I'm pretty sure you are the only one who wants to hug me right now.
Hugs back!


----------



## PhotoXopher (Jan 26, 2010)

I must have missed something.


----------



## inTempus (Jan 26, 2010)

I would like to take this time to say I'm sorry too.  I too want us all to succeed in life.  It's important that you forgive me, from one internet guru to another.  Sometimes I'm a bit hard or sarcastic, but I don't mean to be, I just want you to earn a million dollars shooting pictures of pets and flowers.

Get back in there, fight for what's yours.  Take it to the next level.  Do right by your family and me and we'll make it through this river of sorrow.

Let's grab a pizza.


----------



## JLEphoto (Jan 26, 2010)

I have been a photographer for about 10 years now (semi-professional)....  Any operational experience I can get from someone who is deep in the business is a good thing.  I do not agree with everthing you said but what kind of individual would I be if I did.  I take what I consider good and leave anything else for others to sift through for nuggets.  You have real world experience and you know it is not easy to do any job well.  There are hard times and good times but as long as you don't hate waking up in the morning (most any way) then you are on the right track.  Thank for the matter-o-fact attitude about a real world business.  Cudos for being honest.!!!


----------



## RauschPhotography (Jan 26, 2010)

Even though I feel like I've completely missed out on something, I forgive you. Now I demand cookies


----------



## jackieclayton (Jan 26, 2010)

PhotoXopher said:


> I must have missed something.



ya me too!  Not sure what thread or threads OP is referring to, but its all good!  we are all here to support each other, and in my opinion this place would be dull if we didn't make a loving wise-crack at each other every now and then!  

We should all remember:  _"I may not agree with what you say but I will defend to the death your right to say it" _ It's the damn truth!! :thumbup:


----------



## themedicine (Jan 26, 2010)

^^ Ah, Voltaire. very good very good...

OP- you never offended me!


----------



## bennielou (Jan 26, 2010)

inTempus said:


> I would like to take this time to say I'm sorry too. I too want us all to succeed in life. It's important that you forgive me, from one internet guru to another. Sometimes I'm a bit hard or sarcastic, but I don't mean to be, I just want you to earn a million dollars shooting pictures of pets and flowers.
> 
> Get back in there, fight for what's yours. Take it to the next level. Do right by your family and me and we'll make it through this river of sorrow.
> 
> Let's grab a pizza.


 

Ok you sarcastic son of a gun. I love you. Flat out love you.

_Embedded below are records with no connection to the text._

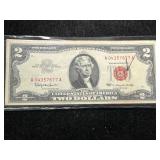1963 US RED SEAL $2 BILL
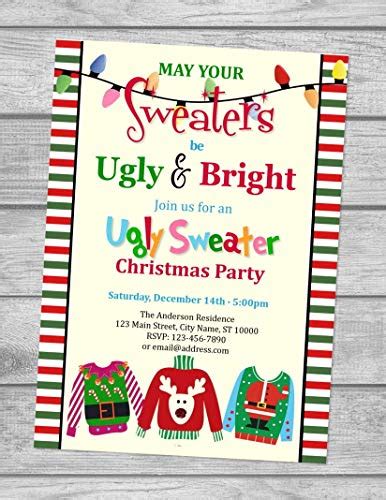 Tacky Christmas Party Invitations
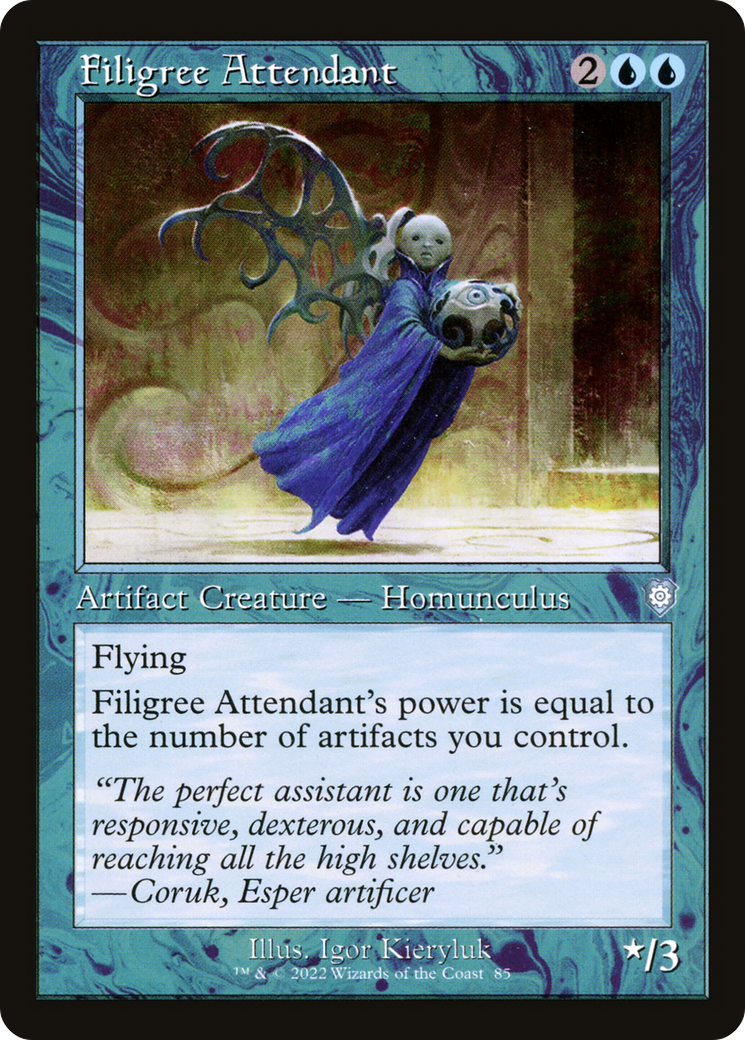 Image of Filigree Attendant (Retro Frame) (BRC-085) - The Brothers' War Commander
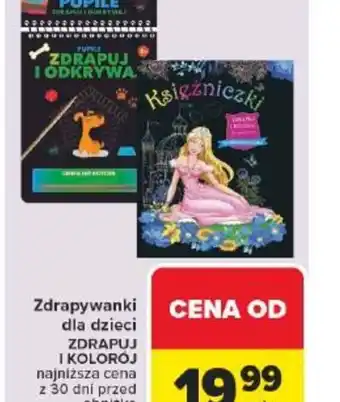 Carrefour Zdrapywanki dla dzieci oferta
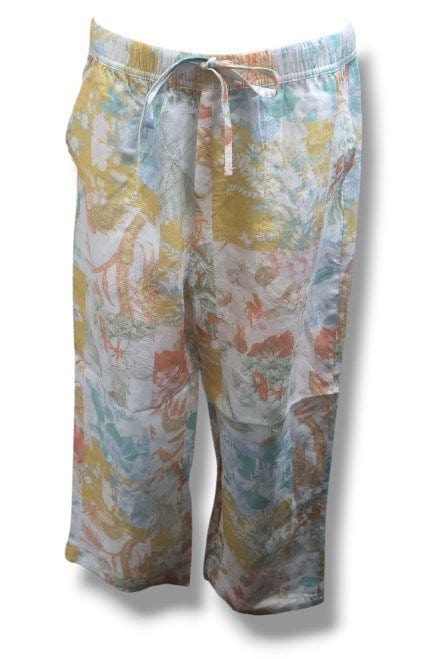 Corfu Womens Linen Blush and Bloom Pant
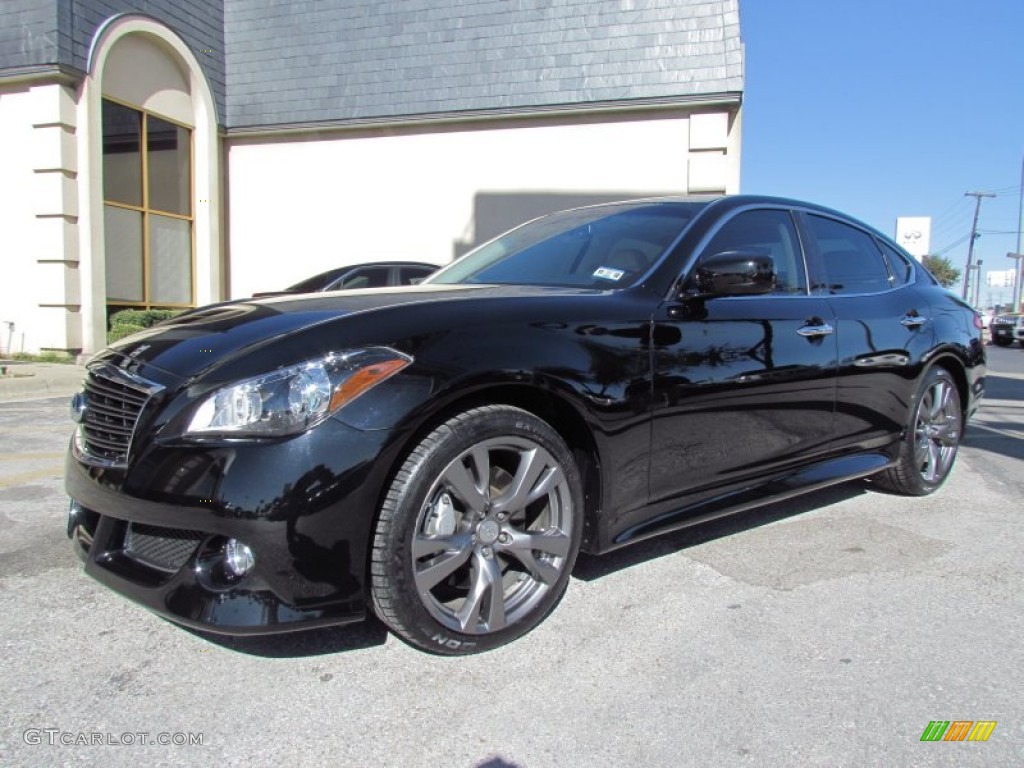Black Obsidian 2011 Infiniti M 37 S Sedan Exterior Photo #57232898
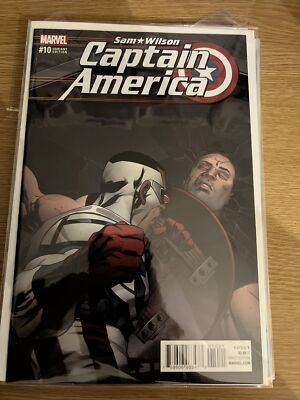 Captain America: Sam Wilson #10 - Aug 2016 - Chris Stevens Variant - Marvel 
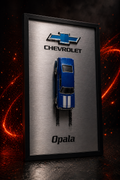 Quadro Chevrolet Opala 3D Premium – Miniatura em Alto Relevo | Gênios do Acrílico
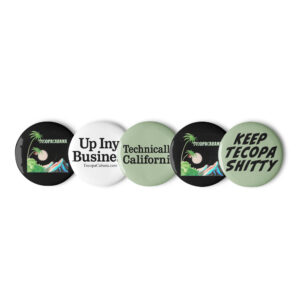 Set of pin buttons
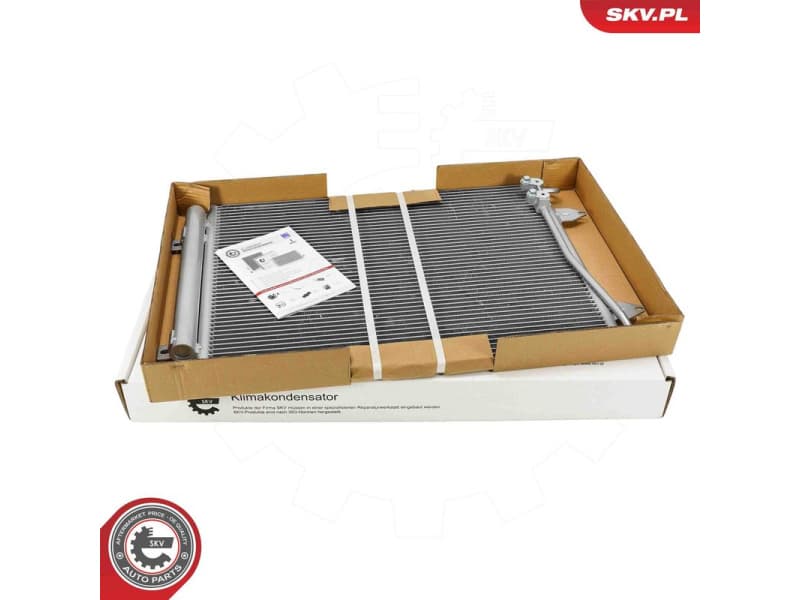 Condenser, air conditioning 86SKV142 - image 5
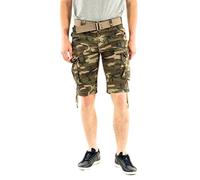 Schott NYC, Trranger30, Bañador, Hombre, Multicolor (Camo Kaki Camo Kaki), 29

And yes, I am in desperate need of Pizza.


----------



## inTempus (Jan 26, 2010)

bennielou said:


> inTempus said:
> 
> 
> > I would like to take this time to say I'm sorry too. I too want us all to succeed in life. It's important that you forgive me, from one internet guru to another. Sometimes I'm a bit hard or sarcastic, but I don't mean to be, I just want you to earn a million dollars shooting pictures of pets and flowers.
> ...


I was kidding about the pizza part.  I am back on the weight lifting diet... I had a year off to celebrate the birth of my son... now it's back to business.  But when I fall off the wagon again, it's pizza and beer!

What say you?


----------



## RauschPhotography (Jan 26, 2010)

inTempus said:


> bennielou said:
> 
> 
> > inTempus said:
> ...



Slightly saddened no one else was invited ale:


----------



## bennielou (Jan 26, 2010)

Ok, everyone is invited, and we will all have Pizza.


----------



## inTempus (Jan 26, 2010)

If everyone will fly into Chicago, I'll do pizza.  One night only.  Everyone is invited, and the ladies are invited twice.


----------



## PhotoXopher (Jan 26, 2010)

Heck, I can drive to Chicago.


----------



## unnecessary (Jan 26, 2010)

this is sweet =\


----------



## manicmike (Jan 26, 2010)

Don't be sorry if you offended someone. If they have a problem with it, they're the ones that need thicker skin. Your original thread was articulated very well. Someone had to say what you said and in the way you said it.


----------



## bennielou (Jan 26, 2010)

Gotta be in Knoxville next week for a wedding.  Are you close?
I'm calling the Pizza Guy.  Must. Have. Pizza


----------



## bennielou (Jan 26, 2010)

manicmike said:


> Don't be sorry if you offended someone. If they have a problem with it, they're the ones that need thicker skin. Your original thread was articulated very well. Someone had to say what you said and in the way you said it.


 
That is only part of the problem.  Seriously.  But I digress.


----------



## bennielou (Jan 26, 2010)

You really never know what you can get kicked off for. Seriously.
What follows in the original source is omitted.